On the pernicious topic of International WWE Network Growth

It's natural to be a skeptic.

When you're evaluating a business, it's important to collect enough evidence that you can explore several possible explanations. Still, you've also got to be willing to wade through the murk and look for Occam's Razor.

Covering the launch and growth of the WWE Network has been an exciting and interesting journey.  From the start, it was clear that the venture was going to be expensive proposition. There was a lot of risk involved because WWE was cannibalizing a profitable stream of revenue for a very uncertain future.

What do we know?

We know that when the service launched, several hundred thousand people signed up, at least to try a free week. We know that the on 3/31/14, there was about 495,000 WWE Network subscribers and a week later it had grown by nearly 35%. For Wrestlemania,  WWE announced 667,287 WWE Network subscribers. We know that the service is not technically available in Canada or Internationally, but we've heard many anecdotal reports that hardcore fans are still able to access the WWE Network. We know that since the WWE Network has launched, we've seen the non-US portion of PPV buys (which was worth more than $16M last year), significantly drop since the WWE Network launched.

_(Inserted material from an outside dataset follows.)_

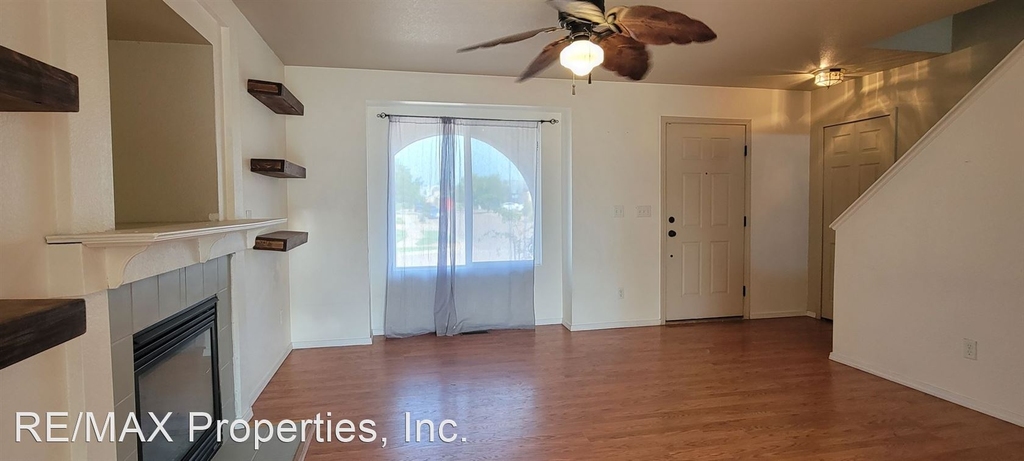 3241 Viero Dr - Photo 1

We could be seeing a drop in WWE popularity (after all, Rock wasn't wrestling on this Wrestlemania and Brock didn't compete on this year's Extreme Rules) and WWE attendance numbers continue to stagnant and fall. We could be seeing a rise in WWE PPV piracy. Or we could just be seeing people naturally migrating to a cheaper technological solution.

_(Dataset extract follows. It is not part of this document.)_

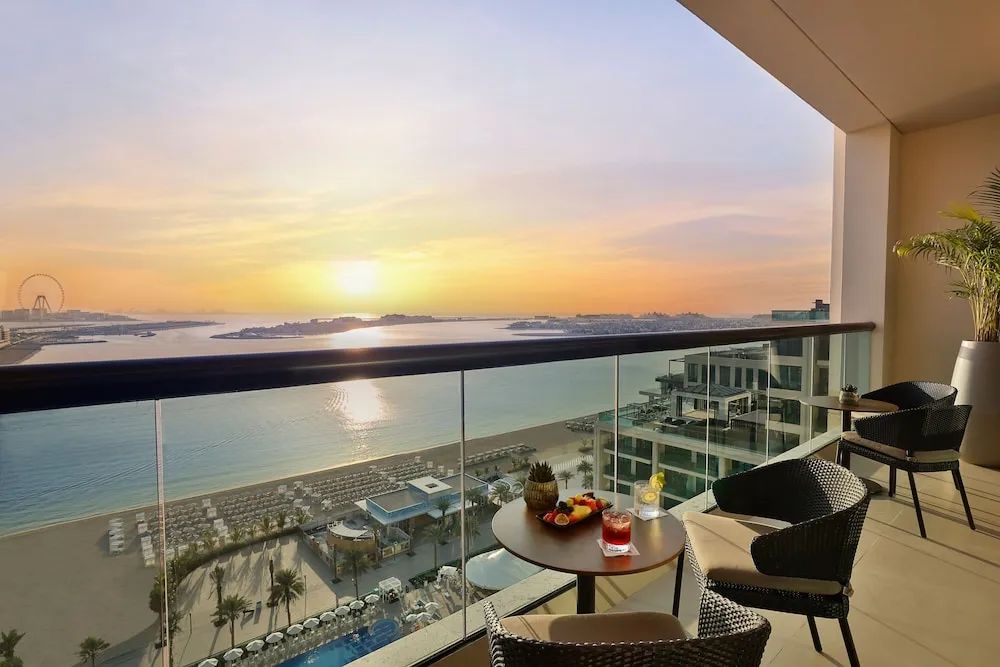 M Club 2 Double Beds Club Lounge - Evening Cocktail Hours, Private Balcony, Direct Access to Beach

It seems surprising that both the survey done by the Wrestling Observer website and the informal survey that we did on launch day revealed between 15%-20% of the WWE Network users indicating they lived outside of the US. It seems surprising that both the estimate I calculated and the estimate that Dave Meltzer calculated looking at the drop in non-US Wrestlemania buys suggested that between 15%-20% of WWE Network subscribers were from outside of the US. When I see the same information coming up again and again from different analysts, I start to believe there's something there.

Still, I encourage everyone to go back and re-read what WWE expected to happen with their Network.  In particular you'll notice that Phase I international countries were only ever estimated at a quarter of the size of the US market. Even in their wildest predictions, WWE never believed that International Growth was going to be a financial panacea for the WWE Network. It was, at best, a pleasant companion to what was supposed to be a strong domestic foundation.